So from what I know there was a slight change and regular rabbit is now beta rabbit. But now when I ask a question r1 keeps saying stuff like “Searching for thing”, “searching for other thing”, “searching for image of thing” etc.
I don’t really want to hear that “searching for” stuff out loud. r1 is supposed to be an assistant. If I had a human assistant I would not want them telling me out loud during every step of them completing a task like “I’m starting to drive to the dry cleaners”, “I’m pulling into the parking lot of the dry cleaners”, I would just want them to report back when the task is done like “i dropped off your clothes at the dry cleaners”.
It’s great to just visually flash that stuff on the screen as just text so that you know r1 is “thinking” and working on the task but listening to r1 say a bunch of stuff like “searching for thing” is too much unnecessary talking in my opinion.
Just let me hear the initial auditory cue like “got it!” or “working on it” etc. but no need for any more audio until the answer is ready. Before the answer is ready the only r1 output should be visual so that if you need to check if r1 is actually working on the task you can check by looking at r1 and seeing either the bouncing dots “…” or see visual only messages like “searching for thing”.
Since I, like my blind acquaintances, use Rabbit with closed eyes, I always appreciate acoustic feedback. It would be nice to have some sounds during the search that indicate R1 is doing something. Often, Beta Rabbit’s responses end with sources or a note that links have been stored in the Rabbithole. These texts are currently not being read aloud but would be insightful for 'listeners only
What I’m referring to is completely unnecessary audio that wasn’t happening before this recent cloud update.
This audio of “searching for thing”, “searching for thing”, “searching for image” “searching for other thing” “searching for image again” etc is not needed and is not the right approach in my opinion for indicating that r1 is “thinking” or working on a task.
I am very supportive of accessibility features but I would think that this repetitive unnecessary audio would be annoying to even those who are visually impaired.
What I would suggest instead would be an accessibility feature that could be toggled on and off in an accessibility section in the settings.
This accessibility feature could maybe play a simple melody or sounds that would then be associated with r1 “thinking” or working on a task.
This would be similar to how they play music when you are put on hold on a phone call. A simple melodic cue would be easy on the ears and on the mind and would create a nice contrast with the useful spoken words of an actual reply from r1. This would allow visually impaired users to have an auditory signal without having to hear these repetitive “searching for thing” sentences.

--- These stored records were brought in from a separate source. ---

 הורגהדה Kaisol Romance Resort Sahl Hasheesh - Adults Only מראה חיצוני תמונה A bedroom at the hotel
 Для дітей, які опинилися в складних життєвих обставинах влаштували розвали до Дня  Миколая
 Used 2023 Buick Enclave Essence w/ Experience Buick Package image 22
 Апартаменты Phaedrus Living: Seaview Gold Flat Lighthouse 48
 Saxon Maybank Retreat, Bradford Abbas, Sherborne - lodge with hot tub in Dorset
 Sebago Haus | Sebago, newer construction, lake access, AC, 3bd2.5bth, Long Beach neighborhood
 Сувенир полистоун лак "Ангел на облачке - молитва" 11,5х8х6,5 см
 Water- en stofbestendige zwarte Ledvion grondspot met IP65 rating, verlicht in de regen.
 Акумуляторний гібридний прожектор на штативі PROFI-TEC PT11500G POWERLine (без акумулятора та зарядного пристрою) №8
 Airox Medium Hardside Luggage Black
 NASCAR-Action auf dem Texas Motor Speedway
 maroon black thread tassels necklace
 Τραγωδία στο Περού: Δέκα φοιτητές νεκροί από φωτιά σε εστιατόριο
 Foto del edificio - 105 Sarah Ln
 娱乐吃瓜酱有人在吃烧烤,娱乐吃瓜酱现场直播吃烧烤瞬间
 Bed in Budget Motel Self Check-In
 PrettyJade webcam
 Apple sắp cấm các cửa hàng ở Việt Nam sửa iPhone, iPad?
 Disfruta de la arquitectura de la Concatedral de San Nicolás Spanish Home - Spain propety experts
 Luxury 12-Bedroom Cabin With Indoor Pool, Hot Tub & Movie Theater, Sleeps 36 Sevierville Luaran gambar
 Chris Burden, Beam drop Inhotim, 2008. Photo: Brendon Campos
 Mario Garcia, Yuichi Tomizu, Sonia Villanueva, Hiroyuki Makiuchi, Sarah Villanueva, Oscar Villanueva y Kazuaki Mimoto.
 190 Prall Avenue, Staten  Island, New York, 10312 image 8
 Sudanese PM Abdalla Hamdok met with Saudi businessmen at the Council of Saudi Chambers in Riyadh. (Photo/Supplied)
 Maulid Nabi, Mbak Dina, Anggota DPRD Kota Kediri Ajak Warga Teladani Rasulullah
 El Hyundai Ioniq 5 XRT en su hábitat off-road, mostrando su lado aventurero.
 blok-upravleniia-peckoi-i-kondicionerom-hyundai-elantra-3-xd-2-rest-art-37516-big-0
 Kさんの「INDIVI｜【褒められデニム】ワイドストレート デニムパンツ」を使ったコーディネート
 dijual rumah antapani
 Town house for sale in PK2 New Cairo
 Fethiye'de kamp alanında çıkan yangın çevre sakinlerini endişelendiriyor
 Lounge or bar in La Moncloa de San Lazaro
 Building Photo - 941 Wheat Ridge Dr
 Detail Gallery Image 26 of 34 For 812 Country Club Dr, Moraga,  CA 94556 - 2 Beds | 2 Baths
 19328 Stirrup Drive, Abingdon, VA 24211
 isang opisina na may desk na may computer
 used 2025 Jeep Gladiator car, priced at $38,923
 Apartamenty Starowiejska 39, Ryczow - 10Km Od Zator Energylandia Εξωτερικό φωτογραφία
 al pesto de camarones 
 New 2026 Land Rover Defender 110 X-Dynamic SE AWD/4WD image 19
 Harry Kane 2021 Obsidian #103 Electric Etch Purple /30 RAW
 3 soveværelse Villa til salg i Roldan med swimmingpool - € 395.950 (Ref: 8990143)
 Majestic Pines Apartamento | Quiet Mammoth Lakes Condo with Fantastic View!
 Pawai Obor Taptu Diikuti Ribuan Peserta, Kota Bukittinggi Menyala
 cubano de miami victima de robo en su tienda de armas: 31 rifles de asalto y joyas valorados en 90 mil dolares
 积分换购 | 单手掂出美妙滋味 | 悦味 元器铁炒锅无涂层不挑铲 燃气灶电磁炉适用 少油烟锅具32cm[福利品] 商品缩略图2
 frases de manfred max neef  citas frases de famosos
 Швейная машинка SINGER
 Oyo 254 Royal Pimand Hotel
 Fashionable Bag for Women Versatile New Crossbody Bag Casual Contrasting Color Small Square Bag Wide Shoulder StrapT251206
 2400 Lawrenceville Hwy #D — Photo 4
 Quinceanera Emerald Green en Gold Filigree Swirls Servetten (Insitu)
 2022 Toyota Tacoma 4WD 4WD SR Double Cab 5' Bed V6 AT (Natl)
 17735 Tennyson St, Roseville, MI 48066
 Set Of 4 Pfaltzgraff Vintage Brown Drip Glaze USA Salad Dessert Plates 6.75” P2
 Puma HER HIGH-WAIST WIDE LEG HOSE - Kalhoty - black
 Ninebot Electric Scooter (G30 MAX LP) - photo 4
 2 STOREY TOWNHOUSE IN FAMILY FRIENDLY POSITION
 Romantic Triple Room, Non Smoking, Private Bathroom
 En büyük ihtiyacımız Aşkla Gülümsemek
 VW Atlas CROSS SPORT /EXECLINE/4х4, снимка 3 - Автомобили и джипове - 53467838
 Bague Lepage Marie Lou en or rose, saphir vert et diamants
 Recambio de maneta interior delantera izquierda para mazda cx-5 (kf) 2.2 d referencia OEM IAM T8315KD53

I will have situations all the time where my r1 will list off everything it’s doing, and it would take upwards of a minute and a half for it to finish saying everything. Then it just tells me that an error occurred, wasting my time. The model needs to use discernment when it comes to explaining what’s happening. Of course, if it’s going to take some time, it’d be nice to hear what it’s doing, but if it’s running basic searches, it should stay silent and just give us the answer as soon as possible.
Now I had the same experience. Rappidly repeated annoying “doing this” “Doing that”, stucking in a loop and ending with no answer. That will be fixed soon i hope.
I would even further that hearing “Got it!” and “I’m working on it” are unnecessary responses for every inquiry. It gets to be repetitive, time consuming and it takes away from the “real conversational” tone of the dialogue.
I did a full shutdown via settings and another full shutdown via 8x ptt. It made it a little better but the loops are still happening, just not as frequently.
I think r1 needs to be tweaked to not vocalize this unnecessary speech in general. The loops wouldn’t be as annoying if it was just silent words flashing on the screen until r1 is ready to give a final response.
A quick vocalization like “got it!” to let you know r1 has started, visual cues on screen to let you know r1 is “thinking”, then don’t speak again until r1 has something useful to say. And for visually impaired users have an accessibility option for some kind of simple melody or tone to indicate r1 “thinking”.
After the recent cloud change there is too much vocalized “play by play” of things that aren’t important to the user. Even when I save a note now there’s a bunch of extra unnecessary r1 talk and it wasn’t like that before.
Bit late to this thread but it would be great to have the option to turn off the ‘let me take a look’-type statements - perhaps the r1 acknowledgement could just be in text form, on screen (a bit like when Perplexity Pro analyses a query - it shows what it’s doing / thinking about on screen, which is cool).
Just as a point of reference on how this is perceived. My wife who does not use the device overheard an r1 response the other day, which started with 4-5 cycles of “searching for, searching for, searching for”. She kind of gave me a, “what the hell is going on” kind of look, which i agree with.
If i have a smart assistant, i want to pose a question, and get an answer. Now i don’t mind little signals or cues that the r1 is looking for an answer, but it should be more natural. Really for me, the … animation is sufficient.
Yeah the current r1 is talking way too much to the point where it feels more like a “debug” mode.
They need to minimize the amount of unnecessary audio.
Now when I save a note r1 repeats everything I said. It becomes tedious and (potentially embarrassing if other people are around) to have everything you just said repeated out loud by r1.
This to me feels like something you would enable to debug issues if you are experiencing r1 not saving data correctly. This is not a comfortable or natural way to interact with a device imo.
If they want to give users a way to know if the note was saved correctly, showing the text visually and silently on the screen is much better.
I just want r1 to say simple cues like “got it!” or “note saved!”.
If r1 gets “confused” then that would be acceptable too. R1 saying “i didn’t catch that, can you repeat that?” Or “i’m not sure what you mean by that?” Etc.
Questions like this would feel natural as this is how humans interact with each other. It doesn’t feel natural to say out loud exactly what your are doing at all times and it doesn’t feel natural to repeat everything a person told you unless you are specifically asked to do so.